On your right is a li'l jukebox, and while you certainly never have to play it, I feel obliged to mention that you're missing out if you don't.

Now, I made sure it wouldn't automatically play; that kind of thing annoys me on 'blogs.

But you can click it if you wish, and listen to some fine October tunes.

Of course, no Hallowe'en is complete without Linus and his Great Pumpkin, and Vince Guaraldi's 'Great Pumpkin Waltz' is a wistful 3/4 jazz tune which immediately sends me to All Hallow's Nirvana. This song simply is Hallowe'en.

Next, 'Pumpkintime'. An elegant 'new grass' instrumental from The Darol Anger/Barbara Higbie Quintet's 1986 album, 'Live At Montreaux'. It is harvest music. A glass of heavy red goes well with this tune, along with a slight breeze and the scent of distant rain.

The next track is the love song There Never Was A Love Like Mine from Mad Monster Party (1967), sung by Gale Garnett. This tune is Autumn to me. I grew up a jazz/bossa nova guitar fanatic, and this song always stood out for its pretty chords and changes on a classical (nylon string) guitar. So come Fall, when the film would run on TV, this song became a highlight. You may not like it but it's my pub. Don't make me call the bouncer.

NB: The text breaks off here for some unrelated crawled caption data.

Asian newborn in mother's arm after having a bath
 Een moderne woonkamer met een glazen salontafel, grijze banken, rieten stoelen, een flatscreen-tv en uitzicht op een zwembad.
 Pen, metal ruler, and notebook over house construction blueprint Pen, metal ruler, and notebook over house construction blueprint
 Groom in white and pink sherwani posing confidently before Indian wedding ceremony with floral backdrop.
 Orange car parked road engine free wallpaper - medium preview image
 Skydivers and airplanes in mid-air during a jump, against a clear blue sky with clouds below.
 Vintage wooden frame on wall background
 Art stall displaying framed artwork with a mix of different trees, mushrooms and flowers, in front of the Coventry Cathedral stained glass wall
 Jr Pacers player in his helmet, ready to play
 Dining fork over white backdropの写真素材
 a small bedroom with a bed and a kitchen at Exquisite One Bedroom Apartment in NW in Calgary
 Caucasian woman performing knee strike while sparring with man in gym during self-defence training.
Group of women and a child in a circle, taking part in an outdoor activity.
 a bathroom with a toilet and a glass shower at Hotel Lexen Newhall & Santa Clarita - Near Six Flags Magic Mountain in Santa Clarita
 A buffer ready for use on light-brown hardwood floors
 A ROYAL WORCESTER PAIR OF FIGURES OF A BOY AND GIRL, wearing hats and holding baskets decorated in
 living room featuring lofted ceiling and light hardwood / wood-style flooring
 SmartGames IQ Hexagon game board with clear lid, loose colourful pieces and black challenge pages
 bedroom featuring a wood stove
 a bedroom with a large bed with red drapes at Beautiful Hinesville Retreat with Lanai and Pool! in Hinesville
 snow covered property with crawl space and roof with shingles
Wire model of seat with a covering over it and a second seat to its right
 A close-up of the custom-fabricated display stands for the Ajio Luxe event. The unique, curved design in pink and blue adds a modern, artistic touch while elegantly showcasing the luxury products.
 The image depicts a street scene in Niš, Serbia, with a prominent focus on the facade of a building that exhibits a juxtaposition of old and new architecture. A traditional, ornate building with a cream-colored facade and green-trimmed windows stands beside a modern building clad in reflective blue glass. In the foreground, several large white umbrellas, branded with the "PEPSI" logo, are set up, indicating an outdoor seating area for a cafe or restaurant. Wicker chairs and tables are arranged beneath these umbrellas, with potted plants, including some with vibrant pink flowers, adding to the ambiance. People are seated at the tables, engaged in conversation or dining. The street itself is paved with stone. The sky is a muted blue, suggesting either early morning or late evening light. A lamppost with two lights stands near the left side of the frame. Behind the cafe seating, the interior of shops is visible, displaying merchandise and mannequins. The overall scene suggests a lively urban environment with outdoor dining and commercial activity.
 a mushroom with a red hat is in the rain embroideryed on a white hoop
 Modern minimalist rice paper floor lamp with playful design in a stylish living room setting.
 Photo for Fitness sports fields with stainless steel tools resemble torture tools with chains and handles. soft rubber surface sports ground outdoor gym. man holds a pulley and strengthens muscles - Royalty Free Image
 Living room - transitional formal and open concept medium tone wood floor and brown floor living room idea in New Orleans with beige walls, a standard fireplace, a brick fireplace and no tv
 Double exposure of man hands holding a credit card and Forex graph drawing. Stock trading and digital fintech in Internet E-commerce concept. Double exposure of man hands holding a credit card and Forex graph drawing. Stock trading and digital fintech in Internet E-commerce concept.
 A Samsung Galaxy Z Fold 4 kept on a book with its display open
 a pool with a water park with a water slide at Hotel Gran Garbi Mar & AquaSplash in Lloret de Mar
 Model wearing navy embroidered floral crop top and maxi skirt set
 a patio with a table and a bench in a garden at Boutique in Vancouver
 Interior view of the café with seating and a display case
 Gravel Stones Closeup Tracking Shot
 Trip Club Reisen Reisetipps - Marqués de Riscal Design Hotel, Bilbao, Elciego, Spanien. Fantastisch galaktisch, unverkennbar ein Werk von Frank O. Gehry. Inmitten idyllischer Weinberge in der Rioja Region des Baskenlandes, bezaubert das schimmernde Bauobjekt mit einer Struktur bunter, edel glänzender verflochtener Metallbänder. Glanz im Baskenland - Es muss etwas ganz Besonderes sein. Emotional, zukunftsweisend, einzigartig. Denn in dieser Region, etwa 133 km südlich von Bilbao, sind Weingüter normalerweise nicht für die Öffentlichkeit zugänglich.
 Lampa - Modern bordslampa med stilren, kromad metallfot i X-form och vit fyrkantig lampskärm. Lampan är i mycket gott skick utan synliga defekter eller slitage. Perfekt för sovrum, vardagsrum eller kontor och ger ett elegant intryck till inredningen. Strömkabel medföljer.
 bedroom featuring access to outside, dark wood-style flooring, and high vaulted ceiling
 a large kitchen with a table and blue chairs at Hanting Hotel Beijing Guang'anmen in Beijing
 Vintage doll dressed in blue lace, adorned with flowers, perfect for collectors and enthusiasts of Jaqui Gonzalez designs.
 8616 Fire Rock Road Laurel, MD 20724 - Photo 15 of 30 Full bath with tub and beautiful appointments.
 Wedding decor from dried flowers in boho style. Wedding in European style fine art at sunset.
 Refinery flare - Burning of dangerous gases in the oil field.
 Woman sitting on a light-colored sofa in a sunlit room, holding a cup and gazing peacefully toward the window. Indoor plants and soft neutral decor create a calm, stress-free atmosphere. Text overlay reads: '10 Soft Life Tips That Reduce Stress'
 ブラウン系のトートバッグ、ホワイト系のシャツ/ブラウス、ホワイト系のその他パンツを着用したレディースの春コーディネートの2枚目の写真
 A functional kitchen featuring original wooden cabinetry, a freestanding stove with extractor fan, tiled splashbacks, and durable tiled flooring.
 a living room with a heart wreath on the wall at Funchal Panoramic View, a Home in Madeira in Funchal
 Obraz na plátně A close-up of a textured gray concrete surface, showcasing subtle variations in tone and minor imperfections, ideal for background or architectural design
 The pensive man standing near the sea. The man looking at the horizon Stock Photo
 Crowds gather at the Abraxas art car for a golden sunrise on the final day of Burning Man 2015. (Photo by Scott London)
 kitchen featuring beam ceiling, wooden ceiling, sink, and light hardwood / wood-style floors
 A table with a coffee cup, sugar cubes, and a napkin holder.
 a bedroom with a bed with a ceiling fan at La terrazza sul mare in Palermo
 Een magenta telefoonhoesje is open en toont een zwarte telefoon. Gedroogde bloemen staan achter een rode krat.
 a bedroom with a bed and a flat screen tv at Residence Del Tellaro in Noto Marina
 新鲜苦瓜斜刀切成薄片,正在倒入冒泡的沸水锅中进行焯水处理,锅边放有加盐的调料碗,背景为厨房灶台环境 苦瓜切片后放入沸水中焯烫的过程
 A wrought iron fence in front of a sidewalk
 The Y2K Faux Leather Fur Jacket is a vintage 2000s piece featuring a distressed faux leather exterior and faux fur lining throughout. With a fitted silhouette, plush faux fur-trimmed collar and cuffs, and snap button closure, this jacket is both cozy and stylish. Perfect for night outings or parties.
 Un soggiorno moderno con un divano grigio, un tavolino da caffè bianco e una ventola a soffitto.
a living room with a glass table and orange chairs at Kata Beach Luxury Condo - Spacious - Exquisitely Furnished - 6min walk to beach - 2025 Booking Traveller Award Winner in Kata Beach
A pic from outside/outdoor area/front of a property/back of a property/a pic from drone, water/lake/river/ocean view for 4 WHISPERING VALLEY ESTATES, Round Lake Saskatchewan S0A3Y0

Witch's Night Out (1978) was a remarkable little Hallowe'en special starring the voices of Gilda Radner and Katherine O' Hara. Adult, hip, witty, but still suitable for kids, it was a favorite for a generation. I still wait for a DVD release, but my DVD burn of a long-out-of-print FHE videocassette still does the job. A great tune.

Grim Grinning Groove, is my own piano jazz take on Buddy Baker and X. Atencio's legendary song from Disney's Haunted Mansion. It's me playing one of my favorite songs in my favorite style. Your mileage may vary.

Attaboy, Luther! is actually my pet name for the main title from Don Knotts' incredible spooktacular, The Ghost & Mr. Chicken (1966). You've seen it, you love it; if you haven't and don't, you do not belong at the Skull & Pumpkin (there's a nice divey, skanky bar up the way where everyone's talking about 'Saved By The Bell' and drinking Zima).

The Trees Weep Leaves is a beautiful and heartfelt piece from a relatively obscure CD, 'Autumn In New England' put out in the late 90's by David Huntsinger. The whole album's just gorgeous, so get it. But this song is my favorite cut.

And then there was The Gonk. Herbert Chappell's odd little tune was used to great and bizarre effect in George Romero's incredible Dawn of the Dead (1978). It's a zombie thing. Much like the score for the opening scene of Night of the Living Dead a decade before, it just reminds me of Hallowe'en (remind me to post that piece, Drive To The Cemetery, soon).

Then we have the title track from Mad Monster Party (1967). Sung by Ethel Ennis, it's a classic among horror and Hallowe'en afficionados; the core piece of the greatest score in Rankin-Bass' history.

Now I've added Bing Crosby's incredible Headless Horseman song from Disney's 'The Adventures of Ichabod & Mr. Toad' (1949). Total class, total swing, totally Hallowe'en.

I'm going to add more as time goes on, but this is a good start.

Really, it's great listening while reading, and if you can't multitask like that, then once you've read everything, give it a listen.

Good music is essential for any public house worth the name. I think this stuff is gold.